Railway Rebuilt the Cloud for Agents - Here's Why That Actually Matters

Railway runs bare-metal data centres because the economics of agent workloads don't work on traditional cloud infrastructure. Their customers are spending over $200,000 monthly on agent coding tasks alone. That's not hype - that's measured usage from 3 million users running production workloads.

Jake Cooper, Railway's founder, walked through their infrastructure thesis with Latent Space. The core argument: agents need different primitives than web applications. The cloud stack we built for serving HTTP requests breaks down when the workload is autonomous code execution.

The Agent Infrastructure Problem

Traditional cloud platforms charge for compute time. That pricing model assumes short-lived requests - a user hits an endpoint, you run some code, you return a response.
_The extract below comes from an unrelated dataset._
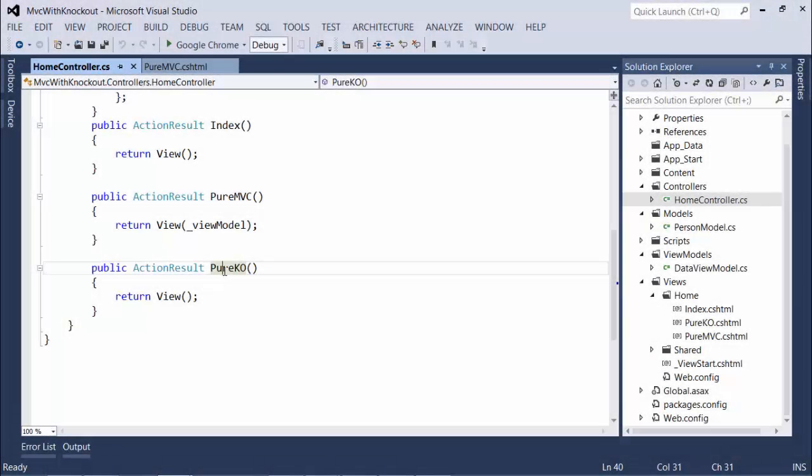Now let's take a look at the same application implemented purely with Knockout. The first thing to notice is we are not passing any model or data object to the view.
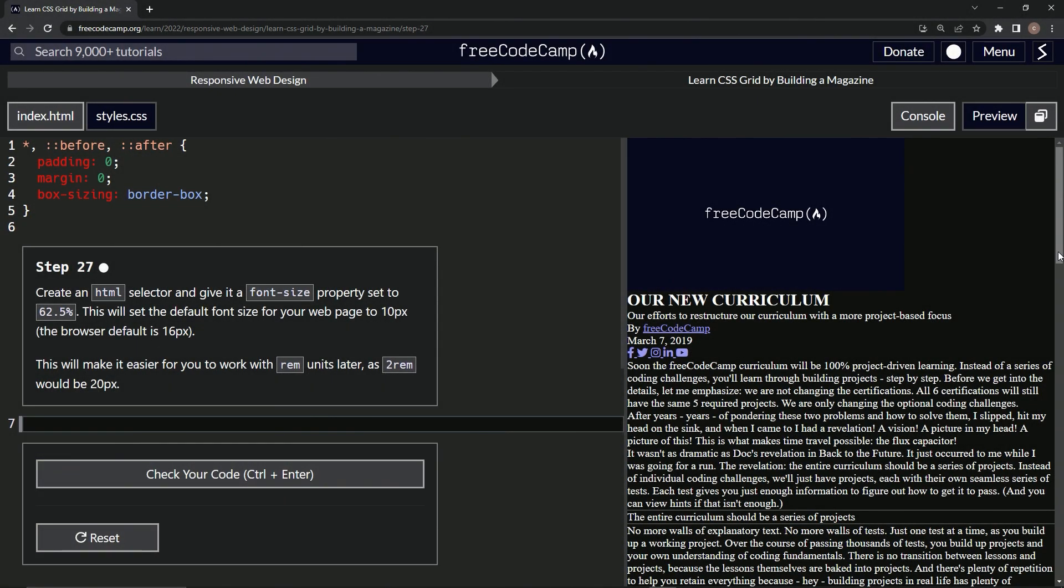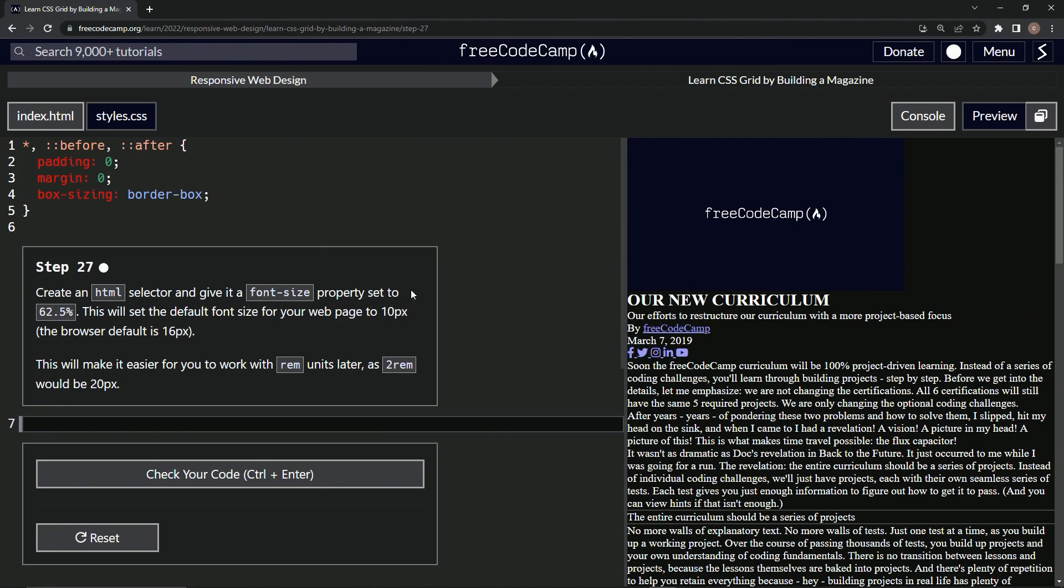All right, now we're doing FreeCodeCamp Responsive Web Design, Learn CSS Grid by Building a Magazine, Step 27. So now we're going to create an HTML selector and give it a font-size property set to 62.5%. This is going to set the default font size for our web page to 10 pixels instead of 16 pixels.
Measure in milliseconds, bill in seconds, optimise for throughput.

Agent workloads invert that model. An agent coding task might run for minutes or hours. It's not a burst - it's sustained compute doing exploratory work. It forks execution paths, tests multiple approaches, retries failures. The cost structure of AWS or GCP makes this prohibitively expensive.

Railway's solution: own the hardware. They're running bare-metal servers in their own data centres with a three-month payback period on hardware costs. That economics only works at scale, and they're at scale - 3 million users, meaningful revenue, proven demand.

Safe Production Forking

Cooper introduced a concept called safe production forking - the ability to duplicate a running production environment, test changes in isolation, then merge or discard. For web applications, this is nice-to-have. For agent development, it's essential.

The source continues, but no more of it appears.